To the person I neglected for so long






I’m sorry if I didn’t prioritize you. I’ve never really seen your worth before. I always thought that what happened to you are consequences of your ill- decisions, until I saw you struggle so hard and reached the brink of breaking down. There were days when I thought you are invincible- that you are strong and way above your head, but I never really thought of what you are facing when you are alone, the fears that you mask with fake wit and the anxiety that you cover with your smile. I thought you were just insecure, maybe because I have memorized you so much, yet I don’t really know you that well. It’s ironic how I am able to judge you because I know how hard you’re trying to make yourself feel fine amidst the chaos that is burning you down. I know there are days when you try to convince yourself with your fantasies- to a point that you feel like you are really living them, but I know how much you’ve cried over the heart breaks, even without tears, I know how hard you’ve struggled to move on.
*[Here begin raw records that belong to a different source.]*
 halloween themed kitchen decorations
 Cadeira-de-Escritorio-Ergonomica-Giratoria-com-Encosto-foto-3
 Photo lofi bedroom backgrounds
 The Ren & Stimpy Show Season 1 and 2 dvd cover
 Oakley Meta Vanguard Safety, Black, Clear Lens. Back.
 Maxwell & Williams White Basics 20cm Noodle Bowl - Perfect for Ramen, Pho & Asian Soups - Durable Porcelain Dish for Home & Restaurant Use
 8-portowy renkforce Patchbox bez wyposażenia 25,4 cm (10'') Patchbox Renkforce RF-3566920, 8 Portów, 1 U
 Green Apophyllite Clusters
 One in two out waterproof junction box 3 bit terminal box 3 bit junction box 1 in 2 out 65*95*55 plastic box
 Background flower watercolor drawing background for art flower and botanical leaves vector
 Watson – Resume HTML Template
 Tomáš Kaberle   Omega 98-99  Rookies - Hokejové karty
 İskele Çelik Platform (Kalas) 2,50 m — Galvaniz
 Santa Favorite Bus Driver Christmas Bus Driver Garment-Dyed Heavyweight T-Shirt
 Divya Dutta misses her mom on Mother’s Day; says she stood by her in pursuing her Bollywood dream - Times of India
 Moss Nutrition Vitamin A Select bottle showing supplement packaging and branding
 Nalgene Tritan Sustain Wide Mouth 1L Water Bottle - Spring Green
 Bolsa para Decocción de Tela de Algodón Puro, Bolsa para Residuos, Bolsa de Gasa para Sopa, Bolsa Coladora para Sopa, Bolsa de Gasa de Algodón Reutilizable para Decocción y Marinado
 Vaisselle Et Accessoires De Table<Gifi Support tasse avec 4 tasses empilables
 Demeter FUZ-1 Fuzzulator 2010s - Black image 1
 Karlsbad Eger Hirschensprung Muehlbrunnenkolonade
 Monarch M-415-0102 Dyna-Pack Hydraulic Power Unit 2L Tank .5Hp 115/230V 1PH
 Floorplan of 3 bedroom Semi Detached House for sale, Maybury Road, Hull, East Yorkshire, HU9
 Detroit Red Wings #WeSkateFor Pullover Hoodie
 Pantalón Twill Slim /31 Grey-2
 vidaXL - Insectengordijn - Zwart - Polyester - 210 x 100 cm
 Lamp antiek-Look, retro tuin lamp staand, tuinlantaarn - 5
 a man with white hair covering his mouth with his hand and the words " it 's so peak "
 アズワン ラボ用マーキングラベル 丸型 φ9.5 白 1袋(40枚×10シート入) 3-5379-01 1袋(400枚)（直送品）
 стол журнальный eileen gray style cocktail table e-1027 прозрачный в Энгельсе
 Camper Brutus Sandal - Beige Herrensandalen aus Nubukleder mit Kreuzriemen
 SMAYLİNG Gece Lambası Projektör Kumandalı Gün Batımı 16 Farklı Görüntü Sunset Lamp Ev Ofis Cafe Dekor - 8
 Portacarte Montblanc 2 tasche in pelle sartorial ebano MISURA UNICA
I have been so unfair to you; I have neglected you so much that I have thought of you so less. Whenever people say good things about you, I know that you find it hard to believe, because you know yourself too much yet you know yourself too little.

My prayer is that you see what they see in you, and that you realize that you are stronger than you think, and that everything you’ve been through is a testament of your courage and resilience.

My wish is that you find your inner beauty, the one that shines on people who see you as a good person, I wish that it’s enough validation that despite the mess you’ve made in the past, there will always be beauty in the abstract. I know you have a good heart, a compassionate soul and a relentless faith in God, I hope you learn to embrace your flaws and make them your mark, a signature engraved in your skin. One day, everything will make sense, and whatever you are feeling, always know that God has a plan for you.

To the person I neglected for so long, I am sorry, maybe its about time I give you the love you keep on giving to others undeserving. 

From now on, I promise to take care of you, and put you first. After all, I can only give what is overflowing.

To the person I neglected for a very long time, forgive me. I promise to take care of you from now on, because to love you is not self indulgent, but to love you is pertinent and necessary.

To the person I have neglected to love, staring back at me, a reflection of my shattered pieces, I have come to collect and make you whole again.